Türkiye Süper Liginde yapı var diyenler oluşturdukları algı ile nasıl yapı olduklarını ve yapının kim olduğunu GS-Eyüpspor ile göstermiş oldular.
Günler öncesinden başlamışlardı. Neymiş de Eyüpspor başkanı GS'li, teknik direktörleri Arda da GS'li. Bu maçta yatacaklar. Bak sana Eyüpspor'un kaç futbolcusu GS maçında oynamamak için kart cezalısı oldu. İşte GS böyle şampiyon oluyor. Bu ve benzeri sözleri söylediler de söylediler.
Bu kadar yazılıp çizilen den, Türkiye Futbol Federasyonu da etkilenmiş olmalı ki perşembe akşamı deplasmanda maç yapmasına rağmen GS'nin, pazar günü oynayacağı maçı pazartesiye alınması yönündeki teklifini Federasyon reddetti. Halbuki aynı durumdaki FB'nin ve BJK'nin maçları pazartesi oynanıyor.
Bu psikoloji bu atmosfer bu baskı altında GS-Eyüpspor maçı oynandı. Eyüpspor Avrupa maçından yorgun argın gelmiş, zorlu bir rakibe karşı mücadele etmiş GS'yi evinde salladı. Bir puan alma başarısı göstererek şampiyonluğun en büyük adayı GS'ye iki puan kaybettirdi. GS kendi sahasında kaybettiği bu iki puanla belki de şampiyonluğu ezeli rakibi FB'ye kaptıracak.
Arda, takımı ve Eyüpspor başkanı, oynadıkları oyunla, biz GS'li olabiliriz, bir önceki maçta sarı kart cezalısı olabiliriz, takım olarak eksikliğimiz olabilir, biz GS'nin şampiyon olmasını gönlümüzden geçirsek de biz ayrı bir takımız, diyerek cümle aleme göstermiş oldular.
Görünen o ki yapı var diyenler, bu yapı GS'yi koruyor diyenler, Eyüpspor'un başkanı ve teknik direktörü GS'li diyenler başarılı oldu.

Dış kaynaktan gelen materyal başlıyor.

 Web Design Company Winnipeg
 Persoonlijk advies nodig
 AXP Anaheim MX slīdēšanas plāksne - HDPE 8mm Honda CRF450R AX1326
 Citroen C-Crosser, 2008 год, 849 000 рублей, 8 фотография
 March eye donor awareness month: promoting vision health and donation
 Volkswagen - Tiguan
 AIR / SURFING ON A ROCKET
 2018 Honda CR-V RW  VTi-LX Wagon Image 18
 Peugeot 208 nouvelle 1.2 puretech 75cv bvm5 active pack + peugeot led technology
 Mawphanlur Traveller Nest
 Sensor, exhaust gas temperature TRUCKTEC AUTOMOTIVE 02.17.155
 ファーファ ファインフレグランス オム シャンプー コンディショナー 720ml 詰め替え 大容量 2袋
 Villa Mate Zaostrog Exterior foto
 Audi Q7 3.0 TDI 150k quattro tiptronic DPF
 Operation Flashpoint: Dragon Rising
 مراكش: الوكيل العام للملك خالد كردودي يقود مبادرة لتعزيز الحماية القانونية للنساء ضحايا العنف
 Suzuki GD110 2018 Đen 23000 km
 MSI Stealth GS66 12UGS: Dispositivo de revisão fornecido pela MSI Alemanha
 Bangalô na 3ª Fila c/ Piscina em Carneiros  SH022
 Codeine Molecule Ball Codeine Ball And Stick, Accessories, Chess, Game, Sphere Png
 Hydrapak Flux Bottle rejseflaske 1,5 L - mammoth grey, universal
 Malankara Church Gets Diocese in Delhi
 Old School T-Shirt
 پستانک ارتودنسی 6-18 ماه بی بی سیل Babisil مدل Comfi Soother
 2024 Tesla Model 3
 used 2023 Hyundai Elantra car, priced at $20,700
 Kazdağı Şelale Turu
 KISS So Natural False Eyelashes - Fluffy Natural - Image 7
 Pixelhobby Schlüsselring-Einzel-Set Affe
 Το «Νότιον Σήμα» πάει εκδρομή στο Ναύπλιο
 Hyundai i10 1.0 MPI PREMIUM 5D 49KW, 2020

Bence futbolumuzda GS'yi koruyan bir yapı var diyenlerin kendilerinin yapı oldukları ortaya çıktı. Ki bu yapı Samsunspor maçında da çok yaygara kopardı. Başkanları GS’li diye bas bas bağırdı. Samsunspor maçında sonuç alamadılar ama Eyüpspor maçında sonuca gittiler.
Artık bu maçtan sonra kimse futbolumuzda GS lehine bir yapı var demesin. Çünkü elleriyle hedef gösterenlerin kendisi yapının ta kendisi. Bu maç bile futbolun sahada oynanan oyundan ibaret olmadığını göstermiş oldu.
Bu vesileyle Eyüpspor'u, başkanını ve teknik direktörünü tebrik ederim. Onurlarıyla çıkıp oynadılar ve tuttukları takımın yorgunluğundan faydalanarak şampiyonluk yolunda GS'ye büyük bir darbe vurdular.
Maçı izlemedim ama öyle zannediyorum GS de oynamamanın, maça asılmamanın, belki de nasılsa Arda bizim çocuğumuz diye düşünüp maça iyi hazırlanmamanın bir güzel özeleştirisini yapacaktır.
Buradan, bir yapı yokken iftira atanlara, Arda GS’nin eski futbolcusu, maçı verir diyenlere bir sözüm olsun. Bu ülkede az, biraz futbol ile ilgilenen ne kadar insanımız varsa kendi şehirlerinin takımları dışında dört büyüklerden birini tutar. Kimi FB’li kimi GS’li, kimi BJK’li kimi de TS’li. Anadolu takımlarında profesyonel top oynayan her oyuncunun en büyük hayali bu dört takımın birinde oynamaktır. Çoğu da bu emeline ulaşmıştır. Bu dört takımda oynayan futbolcuların başka Anadolu takımını çalıştırması kadar doğal bir şey olamaz. Maçı yöneten hakemlerin de gönlünde bir takım yatar.
Hasılı Anadolu takımını çalıştıran dört büyüklerin eski futbolcusunun oynadığı takımı tuttuğunu söylemesinde, hakemlerin hangi takımı tuttuğunun bilinmesinde bir sakınca yok. Burada sakınca, tuttuğu takımı koruyup kollamasında sakınca olur. Ki bir takımı tuttuğunu söyleyen hakem ve teknik direktör maç yönetiminde ve futbol oynatmada daha titiz olur. Kendini bilen, kendisine saygısı olan bunu yapar. Nitekim Arda bunu yaptı, Sivasspor’u çalıştıran teknik direktör Bülent de bunu yaptı. Ki olması gereken budur.